**PROVIDED INFORMATION**
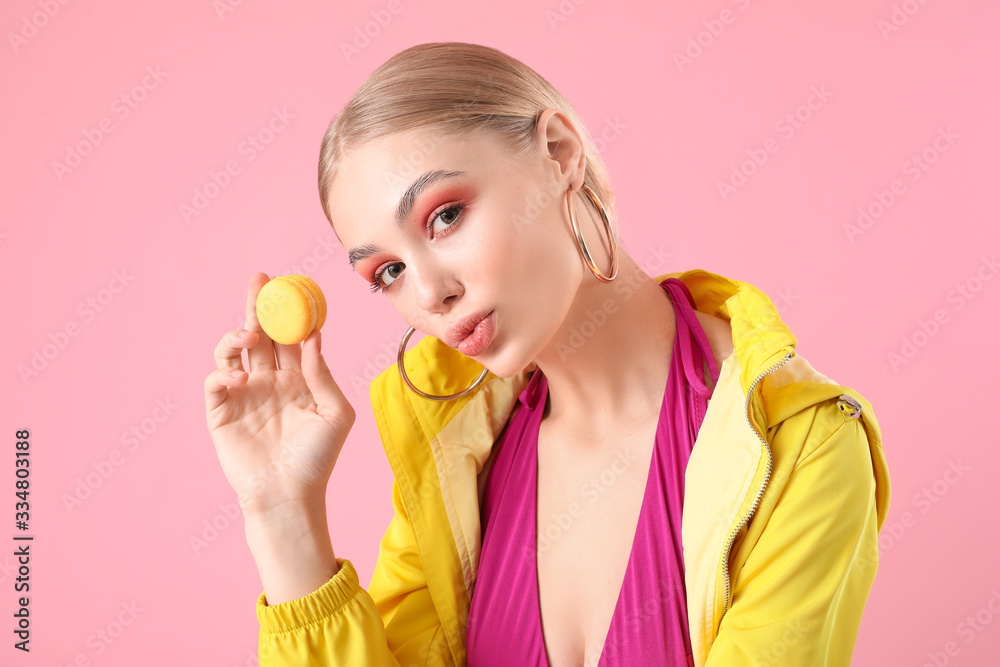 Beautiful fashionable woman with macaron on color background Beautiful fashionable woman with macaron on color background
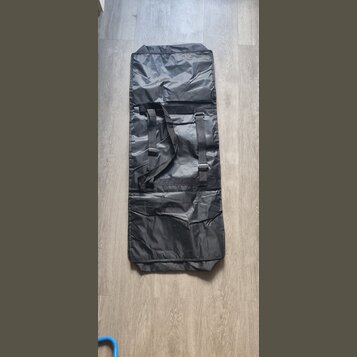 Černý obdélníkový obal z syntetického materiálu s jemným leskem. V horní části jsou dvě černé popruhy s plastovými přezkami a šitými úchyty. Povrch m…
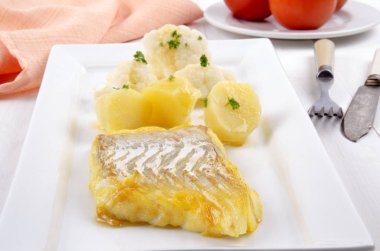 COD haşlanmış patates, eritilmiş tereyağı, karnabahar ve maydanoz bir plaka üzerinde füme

...

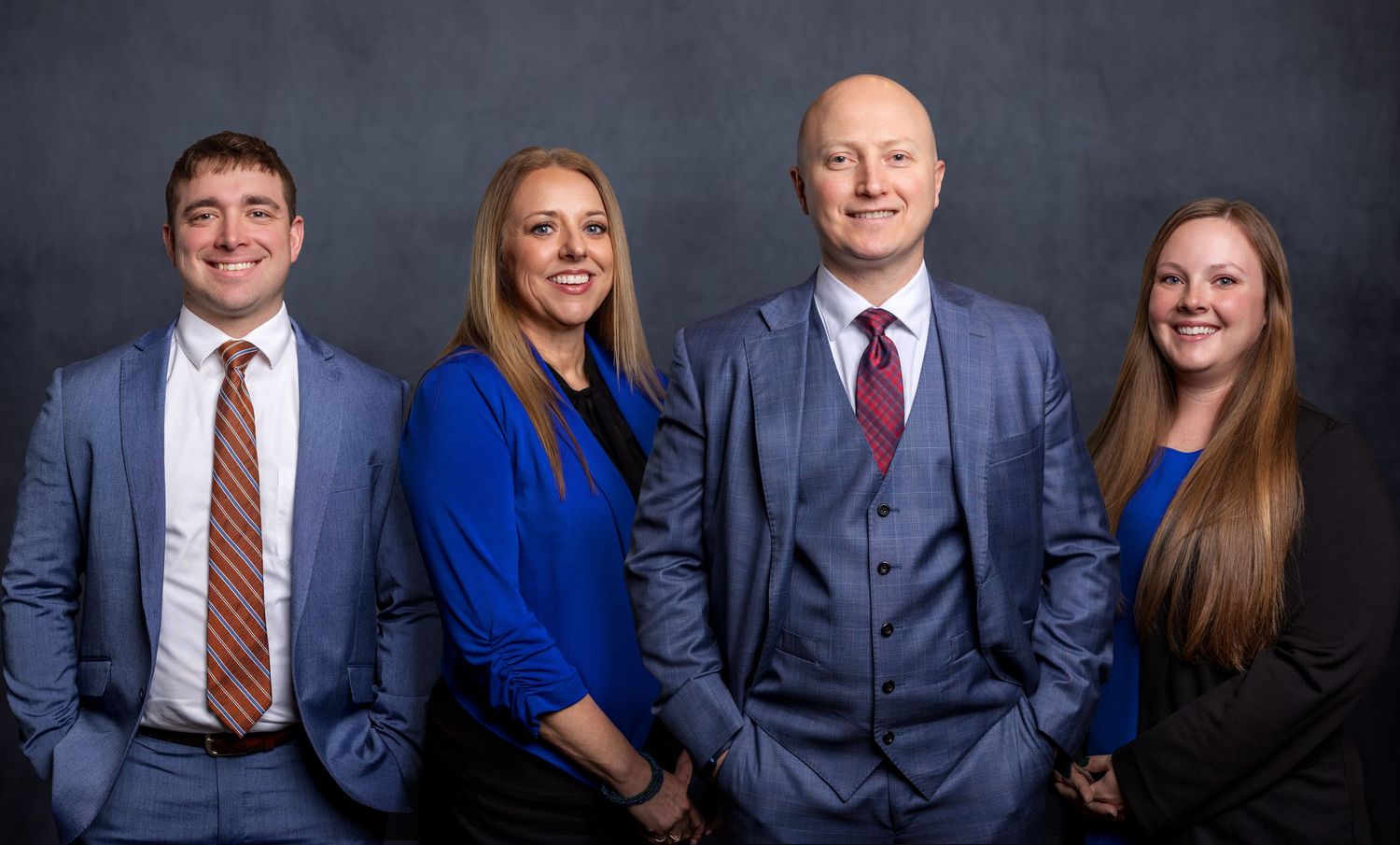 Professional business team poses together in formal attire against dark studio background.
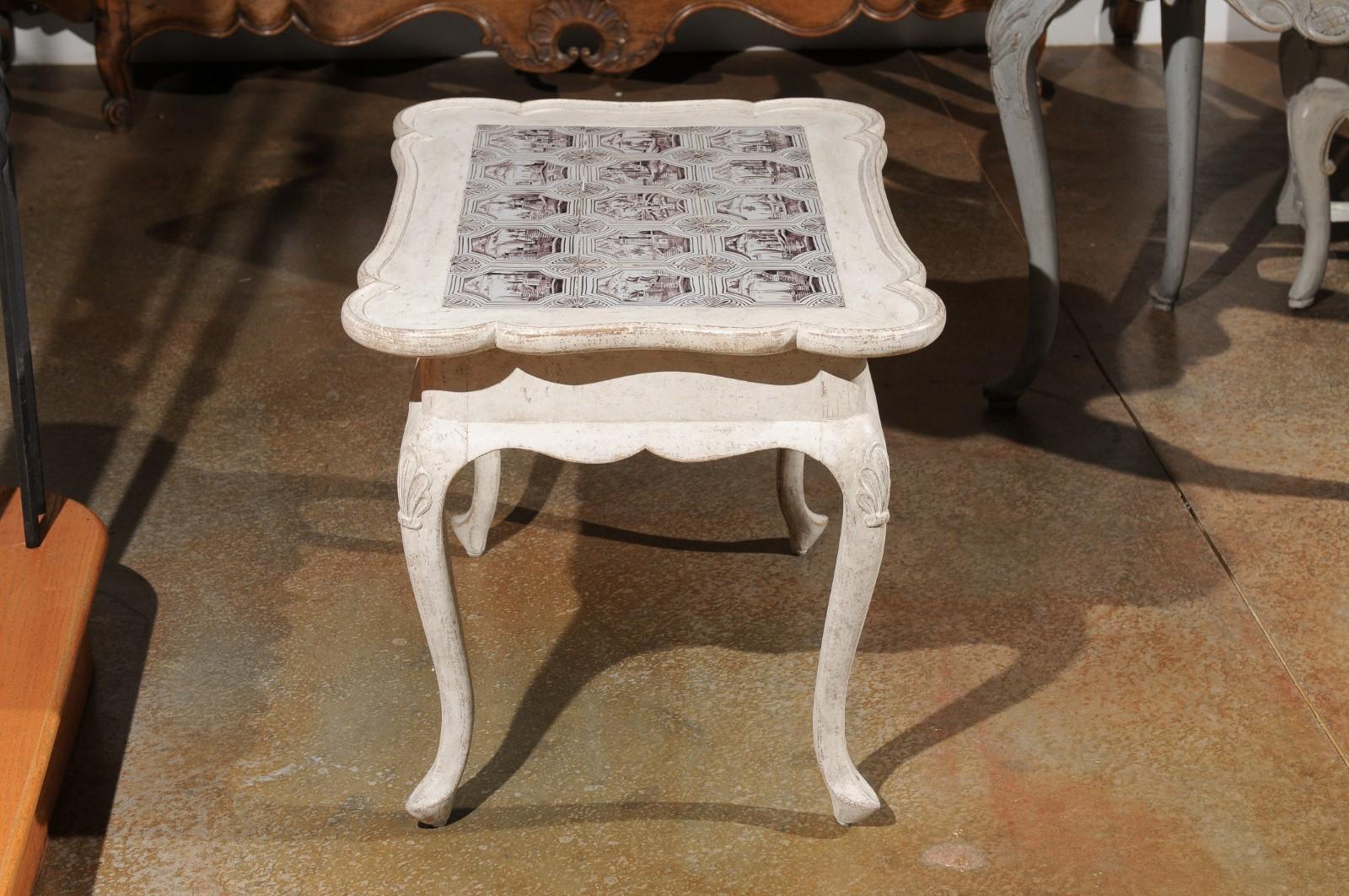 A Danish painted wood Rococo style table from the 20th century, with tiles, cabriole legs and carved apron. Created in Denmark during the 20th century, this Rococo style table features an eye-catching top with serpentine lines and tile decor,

**TASK TO COMPLETE**
Find where the line with "Černý obdélníkový obal" sits in the material above and where the line with "COD haşlanmış patates, eritilmiş" sits. Set down exactly the lines from the first to the second, both included and nothing else, without pictures.

**ANSWER BOX**
 Černý obdélníkový obal z syntetického materiálu s jemným leskem. V horní části jsou dvě černé popruhy s plastovými přezkami a šitými úchyty. Povrch m…
 COD haşlanmış patates, eritilmiş tereyağı, karnabahar ve maydanoz bir plaka üzerinde füme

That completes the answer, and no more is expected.